◆ Activity
Print each entry again exactly as written, and keep the pictures out.

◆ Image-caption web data
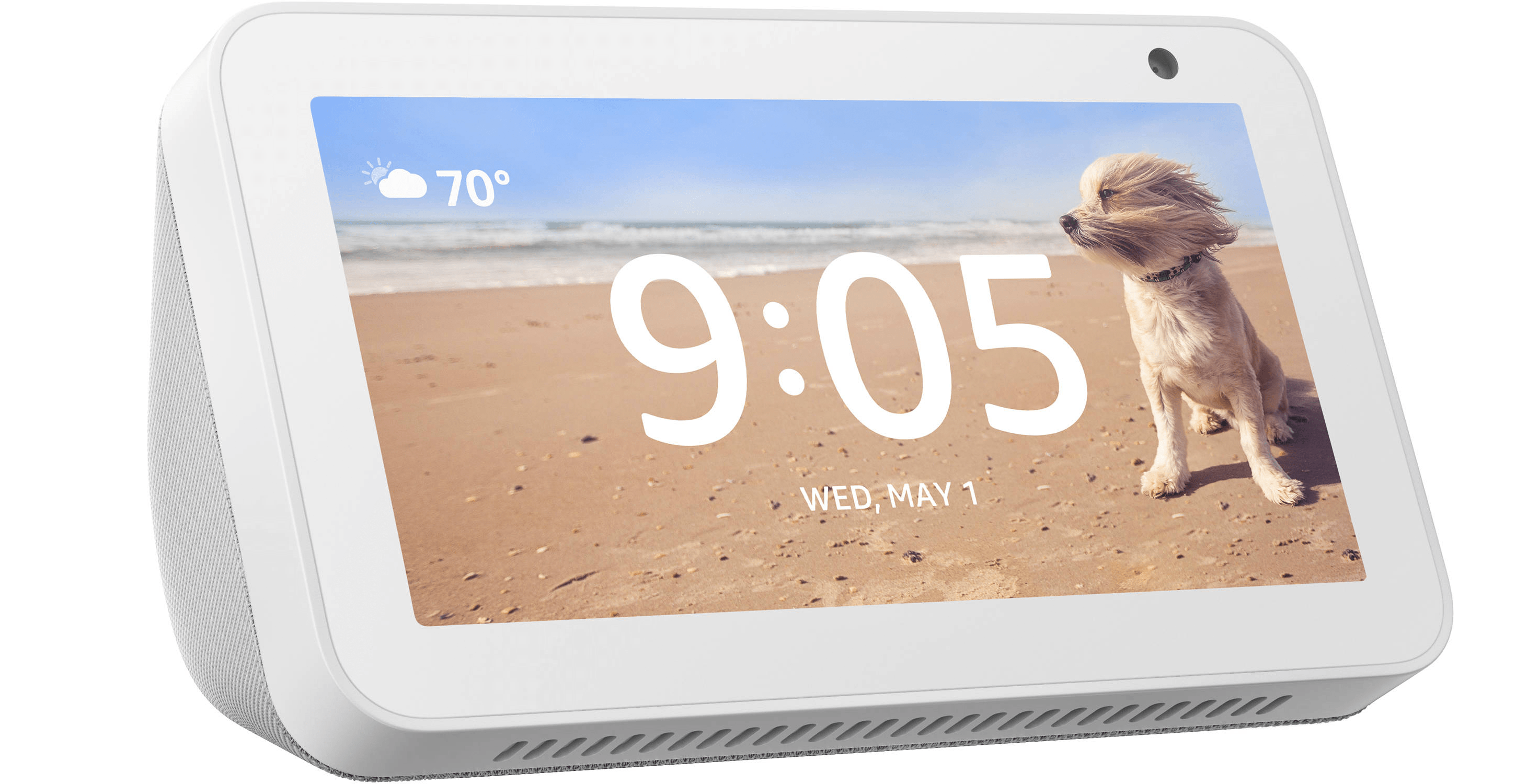 como funciona echo show 5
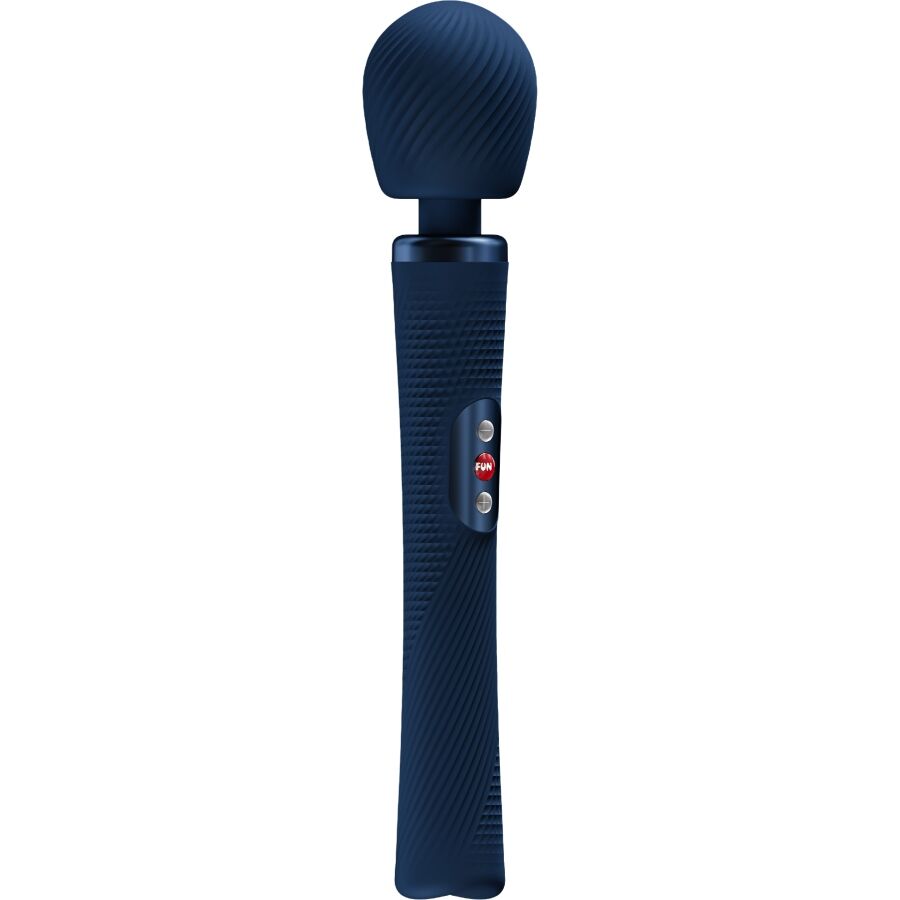 FUN FACTORY - VIBROMASSEUR VIM WAND BLEU NUIT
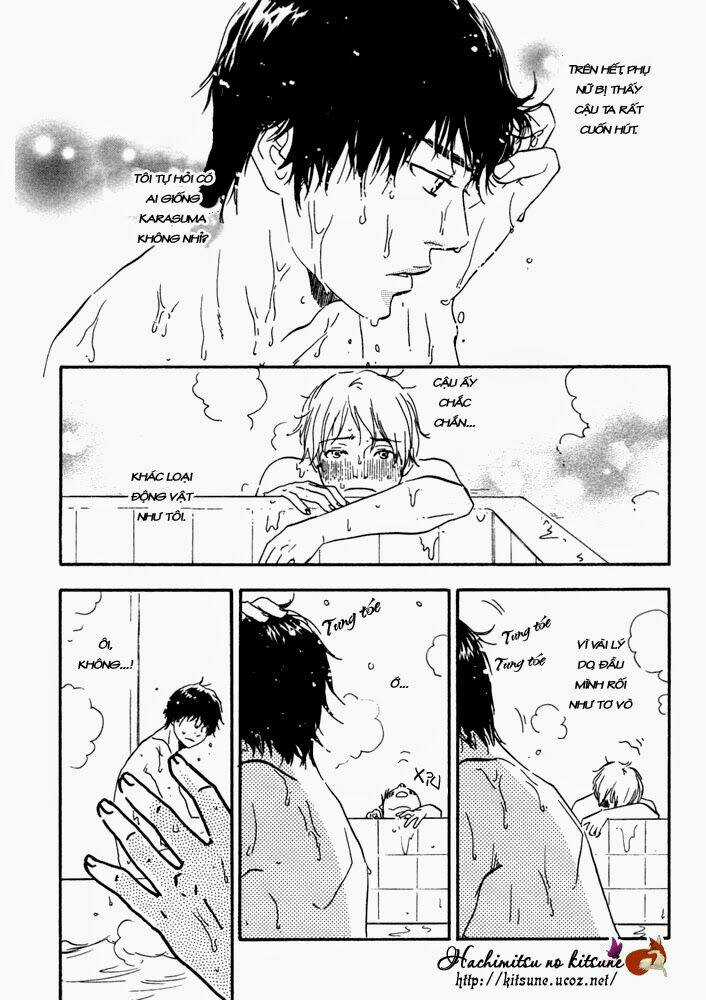 A Boring Man - Chapter 1 - Trang 13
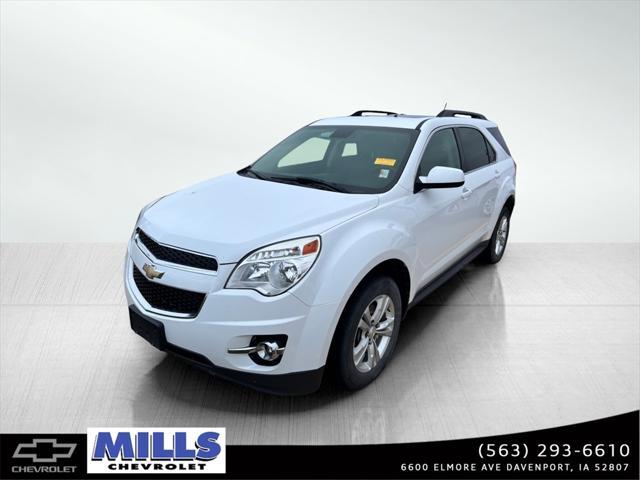 used 2014 Chevrolet Equinox car, priced at $8,406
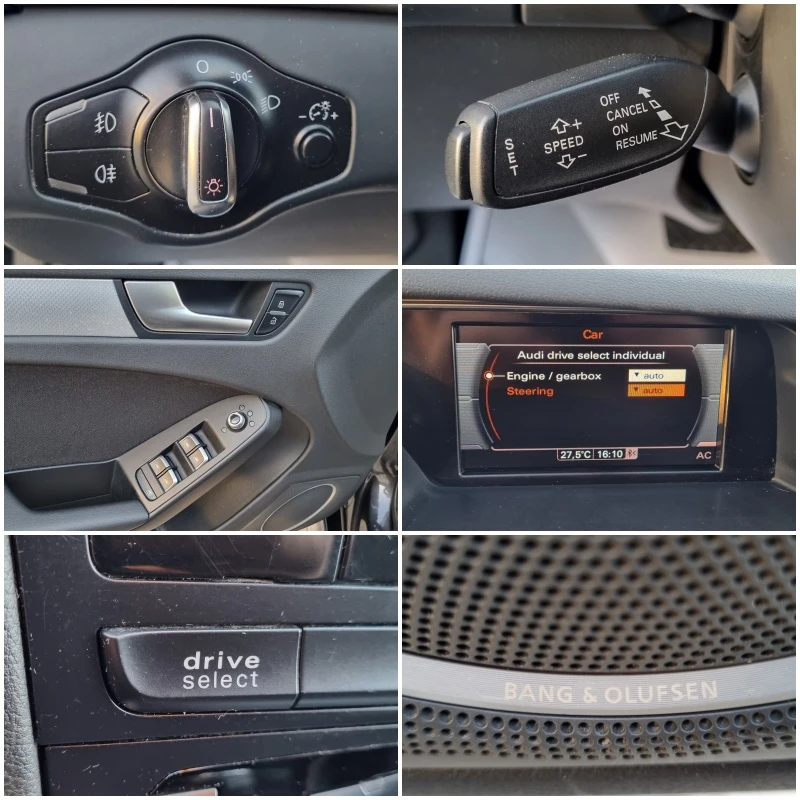 Audi A4 Allroad 2.0TDi-177ps QUATTRO= DSG, снимка 16 - Автомобили и джипове - 52614527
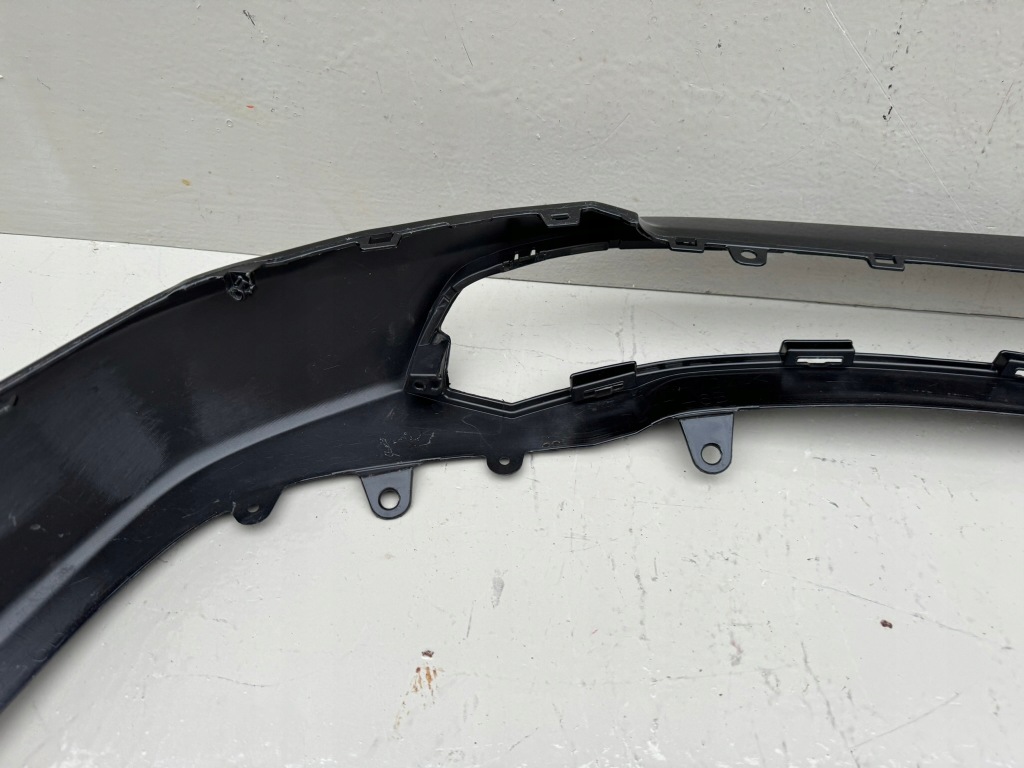 Toyota rav4 5 v 19r- накладка спойлер бампера перед передний 52411-42110 Оригинал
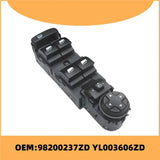 Exclusive For 4008 5008 Citroen C4 C5 Left Front Glass Lifter Switch Electric Folding Auto Parts 98200083ZD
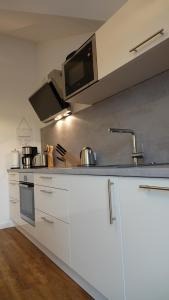 "GESTRANDET" in der Villa Katharina-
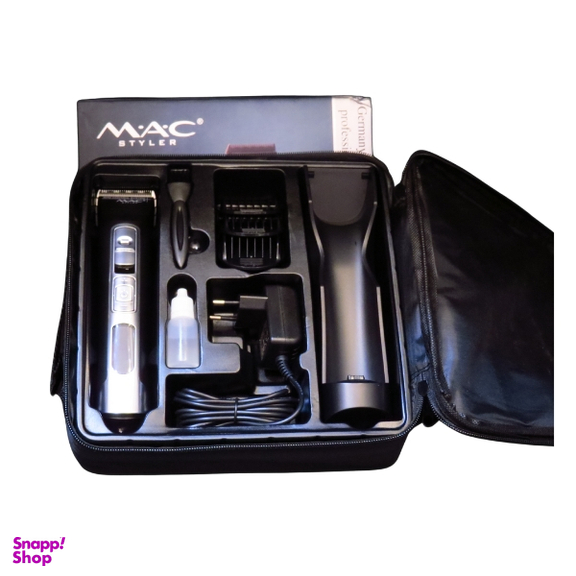 ماشین اصلاح سر و صورت مک استایلر مدل MC-5815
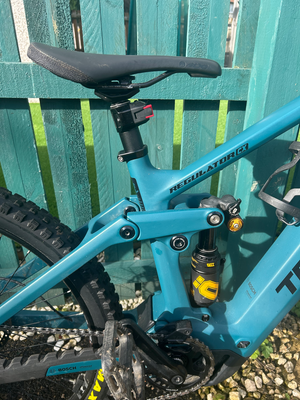 Transition Regulator CX Deore 2025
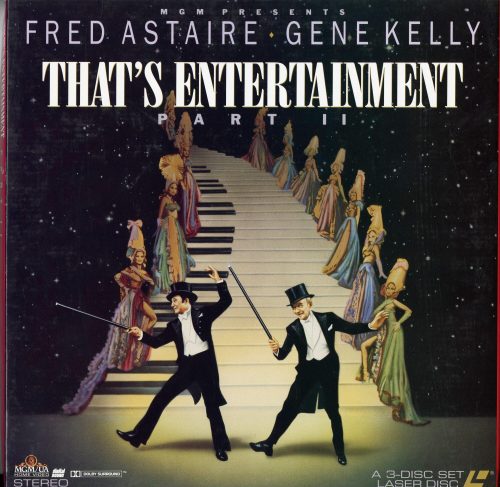 THAT'S ENTERTAINMENT II, 1992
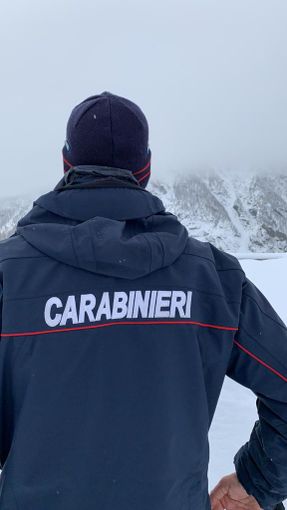Controlli dei Carabinieri sulle piste da sci del Torinese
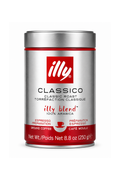 illy Classic Roast Ground Espresso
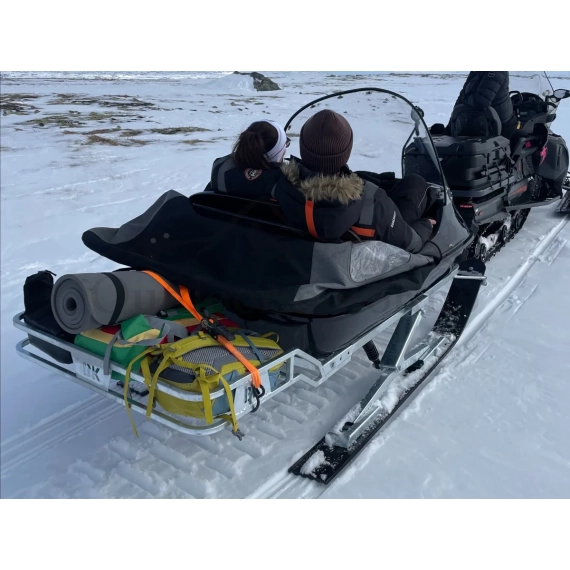 BK Pulk Light Cab II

◆ Final answer
 como funciona echo show 5
 FUN FACTORY - VIBROMASSEUR VIM WAND BLEU NUIT
 A Boring Man - Chapter 1 - Trang 13
 used 2014 Chevrolet Equinox car, priced at $8,406
 Audi A4 Allroad 2.0TDi-177ps QUATTRO= DSG, снимка 16 - Автомобили и джипове - 52614527
 Toyota rav4 5 v 19r- накладка спойлер бампера перед передний 52411-42110 Оригинал
 Exclusive For 4008 5008 Citroen C4 C5 Left Front Glass Lifter Switch Electric Folding Auto Parts 98200083ZD
 "GESTRANDET" in der Villa Katharina-
 ماشین اصلاح سر و صورت مک استایلر مدل MC-5815
 Transition Regulator CX Deore 2025
 THAT'S ENTERTAINMENT II, 1992
Controlli dei Carabinieri sulle piste da sci del Torinese
 illy Classic Roast Ground Espresso
 BK Pulk Light Cab II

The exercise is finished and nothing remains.